I remember a time back in 2009 when gold crossed $1000 an ounce for the first time. Investors were feeling generally uncertain about the future of Europe and inflation in the USA and were fast reverting to gold as a source of stability. Analysts were calling for $2000 an ounce, some were as aggressive as $5000.
(This chart shows the price from 1960 until today)
It never did get to $2000 though. The highest price came in at $1920 an ounce in 2011. At that time leverage requirements changed in the USA and eventually, sentiment shifted.
“In the long term, the price of gold will always rise.”
My grandfather taught me that and I still believe it’s true. If you’re a short term, high risk trader in a six year bear market that sentence bears little relevance.
The purpose of this writing is not to scare you. Rather, we need to note that cryptocurrencies are the most fast paced market since the beginning of time. I do believe that we’re moving to a digital economy very rapidly and that the value of the blockchain will need to rise sharply in order to support that, but as prices can fluctuate extremely rapidly, we should at least explore the possibility of where it might go if a major pullback does come.

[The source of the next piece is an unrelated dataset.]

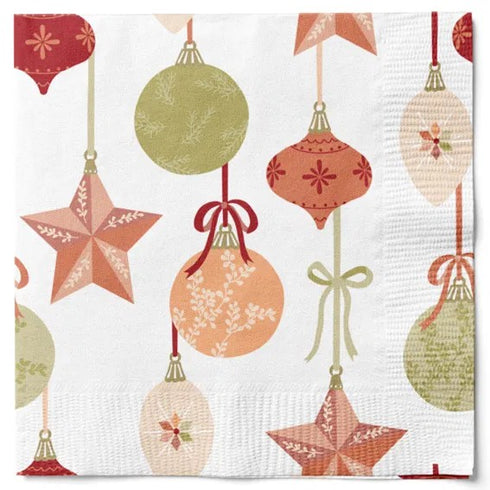 Servetter, 3-lags, Vit, Julkulor, BoHo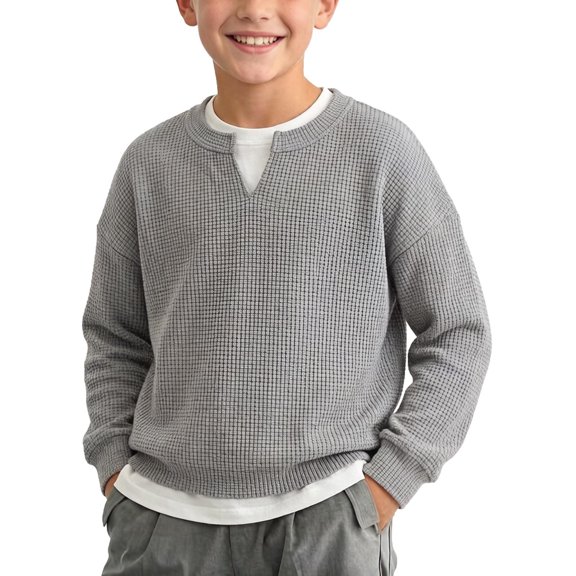 Dagugfen Tshirts for Boys Long Sleeve Notch Neck Cinch Cuff Loose Fitted Breathable Fall Winter Layer Tops(14-15Years,Gray)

Always think about the other side of the coin. 😉
Japan has already legalized it. A major infrastructure change is coming very soon in the world’s third largest economy. We know that Bitflyer has signed a contract that ensures bitcoin is accepted at hundreds of thousands of retail stores across the island nation and that about 20 new bitcoin exchanges will be coming online shortly.
India is currently reviewing the option to legalize and regulate digital currency. After the harsh and rapid demonetization, they’re in sore need of an alternative to paper money. They have a panel working on it now and hopefully, we’ll get some good news in the coming weeks.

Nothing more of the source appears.